[TO DO] Every entry, from first to last, must be written out exactly.
*** Begin section ***
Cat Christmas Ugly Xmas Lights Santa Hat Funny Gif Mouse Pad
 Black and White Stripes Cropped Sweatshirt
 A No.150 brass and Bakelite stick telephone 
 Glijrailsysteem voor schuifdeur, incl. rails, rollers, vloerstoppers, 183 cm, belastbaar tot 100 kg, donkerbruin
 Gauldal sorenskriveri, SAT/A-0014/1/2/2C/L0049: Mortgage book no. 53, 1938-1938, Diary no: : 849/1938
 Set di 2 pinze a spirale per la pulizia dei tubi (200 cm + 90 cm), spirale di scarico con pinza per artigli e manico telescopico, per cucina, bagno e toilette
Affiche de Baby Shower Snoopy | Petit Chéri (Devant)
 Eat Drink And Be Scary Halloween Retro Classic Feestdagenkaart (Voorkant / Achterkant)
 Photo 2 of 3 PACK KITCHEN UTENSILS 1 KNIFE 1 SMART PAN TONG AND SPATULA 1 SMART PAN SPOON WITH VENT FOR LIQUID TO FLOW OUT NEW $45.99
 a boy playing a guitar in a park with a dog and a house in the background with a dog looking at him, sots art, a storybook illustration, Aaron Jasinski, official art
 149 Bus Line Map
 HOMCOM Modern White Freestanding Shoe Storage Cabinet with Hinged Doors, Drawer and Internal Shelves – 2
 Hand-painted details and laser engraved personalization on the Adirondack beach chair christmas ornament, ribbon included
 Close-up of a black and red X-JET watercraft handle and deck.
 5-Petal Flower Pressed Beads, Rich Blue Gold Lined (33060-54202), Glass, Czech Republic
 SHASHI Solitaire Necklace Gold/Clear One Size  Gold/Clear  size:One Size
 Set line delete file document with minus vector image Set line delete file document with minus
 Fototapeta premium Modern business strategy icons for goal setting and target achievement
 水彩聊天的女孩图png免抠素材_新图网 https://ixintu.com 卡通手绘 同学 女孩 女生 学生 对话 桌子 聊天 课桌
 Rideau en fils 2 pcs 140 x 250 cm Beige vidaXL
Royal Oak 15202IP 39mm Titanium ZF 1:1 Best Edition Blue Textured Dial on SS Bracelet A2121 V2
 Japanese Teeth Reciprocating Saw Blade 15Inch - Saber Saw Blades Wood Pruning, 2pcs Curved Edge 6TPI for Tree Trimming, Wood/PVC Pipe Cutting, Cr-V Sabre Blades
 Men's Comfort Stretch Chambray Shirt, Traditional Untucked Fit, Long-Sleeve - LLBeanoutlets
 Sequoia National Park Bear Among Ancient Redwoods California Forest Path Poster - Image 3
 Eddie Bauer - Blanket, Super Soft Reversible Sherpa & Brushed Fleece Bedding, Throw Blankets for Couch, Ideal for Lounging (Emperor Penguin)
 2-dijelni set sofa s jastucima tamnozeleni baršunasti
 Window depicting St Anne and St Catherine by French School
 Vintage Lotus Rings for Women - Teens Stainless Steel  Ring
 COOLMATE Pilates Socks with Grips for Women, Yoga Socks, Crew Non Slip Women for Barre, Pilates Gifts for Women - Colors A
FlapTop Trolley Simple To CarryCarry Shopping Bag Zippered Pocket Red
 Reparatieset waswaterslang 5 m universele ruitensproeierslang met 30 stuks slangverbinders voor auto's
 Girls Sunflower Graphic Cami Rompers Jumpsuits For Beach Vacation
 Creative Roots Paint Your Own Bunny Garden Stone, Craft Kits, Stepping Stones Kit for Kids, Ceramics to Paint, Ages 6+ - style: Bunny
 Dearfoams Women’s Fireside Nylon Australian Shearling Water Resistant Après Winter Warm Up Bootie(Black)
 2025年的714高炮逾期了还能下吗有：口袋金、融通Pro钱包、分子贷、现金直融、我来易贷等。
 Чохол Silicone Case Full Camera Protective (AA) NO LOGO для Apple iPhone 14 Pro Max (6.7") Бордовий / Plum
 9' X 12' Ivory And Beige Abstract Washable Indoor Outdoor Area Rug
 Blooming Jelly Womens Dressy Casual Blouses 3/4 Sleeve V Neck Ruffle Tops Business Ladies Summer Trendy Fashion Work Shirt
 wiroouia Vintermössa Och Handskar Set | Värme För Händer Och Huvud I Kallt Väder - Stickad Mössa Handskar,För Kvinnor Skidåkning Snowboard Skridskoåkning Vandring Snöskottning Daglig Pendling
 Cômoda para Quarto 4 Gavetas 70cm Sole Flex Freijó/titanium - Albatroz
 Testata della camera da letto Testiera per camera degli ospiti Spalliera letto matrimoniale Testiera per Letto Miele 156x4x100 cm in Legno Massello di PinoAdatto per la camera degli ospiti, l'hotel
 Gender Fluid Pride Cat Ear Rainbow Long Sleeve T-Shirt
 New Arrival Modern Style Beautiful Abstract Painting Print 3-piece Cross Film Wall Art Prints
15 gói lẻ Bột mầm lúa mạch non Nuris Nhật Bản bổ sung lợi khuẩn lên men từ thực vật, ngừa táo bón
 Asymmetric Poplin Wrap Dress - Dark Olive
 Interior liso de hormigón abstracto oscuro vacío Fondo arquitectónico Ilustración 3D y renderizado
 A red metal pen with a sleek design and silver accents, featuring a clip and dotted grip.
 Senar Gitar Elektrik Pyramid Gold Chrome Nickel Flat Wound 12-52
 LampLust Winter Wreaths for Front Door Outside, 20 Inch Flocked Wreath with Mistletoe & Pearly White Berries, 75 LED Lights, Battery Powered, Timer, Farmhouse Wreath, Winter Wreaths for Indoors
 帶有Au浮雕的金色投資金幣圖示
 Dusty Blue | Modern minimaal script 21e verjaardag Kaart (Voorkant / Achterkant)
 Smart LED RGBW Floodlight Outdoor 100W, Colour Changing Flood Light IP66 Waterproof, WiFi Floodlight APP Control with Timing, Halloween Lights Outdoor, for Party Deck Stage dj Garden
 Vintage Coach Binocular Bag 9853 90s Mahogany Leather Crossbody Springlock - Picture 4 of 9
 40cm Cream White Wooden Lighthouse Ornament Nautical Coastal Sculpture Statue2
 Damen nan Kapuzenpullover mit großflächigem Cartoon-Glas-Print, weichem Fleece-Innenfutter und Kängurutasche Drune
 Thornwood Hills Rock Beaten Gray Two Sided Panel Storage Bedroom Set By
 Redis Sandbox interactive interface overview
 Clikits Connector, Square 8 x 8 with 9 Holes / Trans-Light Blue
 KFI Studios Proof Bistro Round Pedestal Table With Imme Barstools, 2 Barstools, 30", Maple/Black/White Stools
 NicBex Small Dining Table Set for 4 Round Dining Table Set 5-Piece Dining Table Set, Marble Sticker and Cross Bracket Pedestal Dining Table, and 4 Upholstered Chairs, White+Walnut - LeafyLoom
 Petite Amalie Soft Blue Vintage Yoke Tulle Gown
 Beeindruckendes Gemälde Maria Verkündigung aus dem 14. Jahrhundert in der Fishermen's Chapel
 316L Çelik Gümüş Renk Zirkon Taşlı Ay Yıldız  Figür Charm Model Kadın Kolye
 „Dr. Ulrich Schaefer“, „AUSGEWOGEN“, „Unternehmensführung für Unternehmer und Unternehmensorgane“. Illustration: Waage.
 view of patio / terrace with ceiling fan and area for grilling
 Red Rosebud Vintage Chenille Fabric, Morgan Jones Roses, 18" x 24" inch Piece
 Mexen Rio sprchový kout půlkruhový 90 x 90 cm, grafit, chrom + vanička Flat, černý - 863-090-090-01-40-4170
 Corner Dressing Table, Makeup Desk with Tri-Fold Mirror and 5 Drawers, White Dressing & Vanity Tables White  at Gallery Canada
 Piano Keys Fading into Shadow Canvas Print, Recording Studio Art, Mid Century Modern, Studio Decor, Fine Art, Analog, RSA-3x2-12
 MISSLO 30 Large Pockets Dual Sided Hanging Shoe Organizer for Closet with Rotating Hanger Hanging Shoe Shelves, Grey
*** End section ***
[REPLY]
Cat Christmas Ugly Xmas Lights Santa Hat Funny Gif Mouse Pad
 Black and White Stripes Cropped Sweatshirt
 A No.150 brass and Bakelite stick telephone 
 Glijrailsysteem voor schuifdeur, incl. rails, rollers, vloerstoppers, 183 cm, belastbaar tot 100 kg, donkerbruin
 Gauldal sorenskriveri, SAT/A-0014/1/2/2C/L0049: Mortgage book no. 53, 1938-1938, Diary no: : 849/1938
 Set di 2 pinze a spirale per la pulizia dei tubi (200 cm + 90 cm), spirale di scarico con pinza per artigli e manico telescopico, per cucina, bagno e toilette
Affiche de Baby Shower Snoopy | Petit Chéri (Devant)
 Eat Drink And Be Scary Halloween Retro Classic Feestdagenkaart (Voorkant / Achterkant)
 Photo 2 of 3 PACK KITCHEN UTENSILS 1 KNIFE 1 SMART PAN TONG AND SPATULA 1 SMART PAN SPOON WITH VENT FOR LIQUID TO FLOW OUT NEW $45.99
 a boy playing a guitar in a park with a dog and a house in the background with a dog looking at him, sots art, a storybook illustration, Aaron Jasinski, official art
 149 Bus Line Map
 HOMCOM Modern White Freestanding Shoe Storage Cabinet with Hinged Doors, Drawer and Internal Shelves – 2
 Hand-painted details and laser engraved personalization on the Adirondack beach chair christmas ornament, ribbon included
 Close-up of a black and red X-JET watercraft handle and deck.
 5-Petal Flower Pressed Beads, Rich Blue Gold Lined (33060-54202), Glass, Czech Republic
 SHASHI Solitaire Necklace Gold/Clear One Size  Gold/Clear  size:One Size
 Set line delete file document with minus vector image Set line delete file document with minus
 Fototapeta premium Modern business strategy icons for goal setting and target achievement
 水彩聊天的女孩图png免抠素材_新图网 https://ixintu.com 卡通手绘 同学 女孩 女生 学生 对话 桌子 聊天 课桌
 Rideau en fils 2 pcs 140 x 250 cm Beige vidaXL
Royal Oak 15202IP 39mm Titanium ZF 1:1 Best Edition Blue Textured Dial on SS Bracelet A2121 V2
 Japanese Teeth Reciprocating Saw Blade 15Inch - Saber Saw Blades Wood Pruning, 2pcs Curved Edge 6TPI for Tree Trimming, Wood/PVC Pipe Cutting, Cr-V Sabre Blades
 Men's Comfort Stretch Chambray Shirt, Traditional Untucked Fit, Long-Sleeve - LLBeanoutlets
 Sequoia National Park Bear Among Ancient Redwoods California Forest Path Poster - Image 3
 Eddie Bauer - Blanket, Super Soft Reversible Sherpa & Brushed Fleece Bedding, Throw Blankets for Couch, Ideal for Lounging (Emperor Penguin)
 2-dijelni set sofa s jastucima tamnozeleni baršunasti
 Window depicting St Anne and St Catherine by French School
 Vintage Lotus Rings for Women - Teens Stainless Steel  Ring
 COOLMATE Pilates Socks with Grips for Women, Yoga Socks, Crew Non Slip Women for Barre, Pilates Gifts for Women - Colors A
FlapTop Trolley Simple To CarryCarry Shopping Bag Zippered Pocket Red
 Reparatieset waswaterslang 5 m universele ruitensproeierslang met 30 stuks slangverbinders voor auto's
 Girls Sunflower Graphic Cami Rompers Jumpsuits For Beach Vacation
 Creative Roots Paint Your Own Bunny Garden Stone, Craft Kits, Stepping Stones Kit for Kids, Ceramics to Paint, Ages 6+ - style: Bunny
 Dearfoams Women’s Fireside Nylon Australian Shearling Water Resistant Après Winter Warm Up Bootie(Black)
 2025年的714高炮逾期了还能下吗有：口袋金、融通Pro钱包、分子贷、现金直融、我来易贷等。
 Чохол Silicone Case Full Camera Protective (AA) NO LOGO для Apple iPhone 14 Pro Max (6.7") Бордовий / Plum
 9' X 12' Ivory And Beige Abstract Washable Indoor Outdoor Area Rug
 Blooming Jelly Womens Dressy Casual Blouses 3/4 Sleeve V Neck Ruffle Tops Business Ladies Summer Trendy Fashion Work Shirt
 wiroouia Vintermössa Och Handskar Set | Värme För Händer Och Huvud I Kallt Väder - Stickad Mössa Handskar,För Kvinnor Skidåkning Snowboard Skridskoåkning Vandring Snöskottning Daglig Pendling
 Cômoda para Quarto 4 Gavetas 70cm Sole Flex Freijó/titanium - Albatroz
 Testata della camera da letto Testiera per camera degli ospiti Spalliera letto matrimoniale Testiera per Letto Miele 156x4x100 cm in Legno Massello di PinoAdatto per la camera degli ospiti, l'hotel
 Gender Fluid Pride Cat Ear Rainbow Long Sleeve T-Shirt
 New Arrival Modern Style Beautiful Abstract Painting Print 3-piece Cross Film Wall Art Prints
15 gói lẻ Bột mầm lúa mạch non Nuris Nhật Bản bổ sung lợi khuẩn lên men từ thực vật, ngừa táo bón
 Asymmetric Poplin Wrap Dress - Dark Olive
 Interior liso de hormigón abstracto oscuro vacío Fondo arquitectónico Ilustración 3D y renderizado
 A red metal pen with a sleek design and silver accents, featuring a clip and dotted grip.
 Senar Gitar Elektrik Pyramid Gold Chrome Nickel Flat Wound 12-52
 LampLust Winter Wreaths for Front Door Outside, 20 Inch Flocked Wreath with Mistletoe & Pearly White Berries, 75 LED Lights, Battery Powered, Timer, Farmhouse Wreath, Winter Wreaths for Indoors
 帶有Au浮雕的金色投資金幣圖示
 Dusty Blue | Modern minimaal script 21e verjaardag Kaart (Voorkant / Achterkant)
 Smart LED RGBW Floodlight Outdoor 100W, Colour Changing Flood Light IP66 Waterproof, WiFi Floodlight APP Control with Timing, Halloween Lights Outdoor, for Party Deck Stage dj Garden
 Vintage Coach Binocular Bag 9853 90s Mahogany Leather Crossbody Springlock - Picture 4 of 9
 40cm Cream White Wooden Lighthouse Ornament Nautical Coastal Sculpture Statue2
 Damen nan Kapuzenpullover mit großflächigem Cartoon-Glas-Print, weichem Fleece-Innenfutter und Kängurutasche Drune
 Thornwood Hills Rock Beaten Gray Two Sided Panel Storage Bedroom Set By
 Redis Sandbox interactive interface overview
 Clikits Connector, Square 8 x 8 with 9 Holes / Trans-Light Blue
 KFI Studios Proof Bistro Round Pedestal Table With Imme Barstools, 2 Barstools, 30", Maple/Black/White Stools
 NicBex Small Dining Table Set for 4 Round Dining Table Set 5-Piece Dining Table Set, Marble Sticker and Cross Bracket Pedestal Dining Table, and 4 Upholstered Chairs, White+Walnut - LeafyLoom
 Petite Amalie Soft Blue Vintage Yoke Tulle Gown
 Beeindruckendes Gemälde Maria Verkündigung aus dem 14. Jahrhundert in der Fishermen's Chapel
 316L Çelik Gümüş Renk Zirkon Taşlı Ay Yıldız  Figür Charm Model Kadın Kolye
 „Dr. Ulrich Schaefer“, „AUSGEWOGEN“, „Unternehmensführung für Unternehmer und Unternehmensorgane“. Illustration: Waage.
 view of patio / terrace with ceiling fan and area for grilling
 Red Rosebud Vintage Chenille Fabric, Morgan Jones Roses, 18" x 24" inch Piece
 Mexen Rio sprchový kout půlkruhový 90 x 90 cm, grafit, chrom + vanička Flat, černý - 863-090-090-01-40-4170
 Corner Dressing Table, Makeup Desk with Tri-Fold Mirror and 5 Drawers, White Dressing & Vanity Tables White  at Gallery Canada
 Piano Keys Fading into Shadow Canvas Print, Recording Studio Art, Mid Century Modern, Studio Decor, Fine Art, Analog, RSA-3x2-12
 MISSLO 30 Large Pockets Dual Sided Hanging Shoe Organizer for Closet with Rotating Hanger Hanging Shoe Shelves, Grey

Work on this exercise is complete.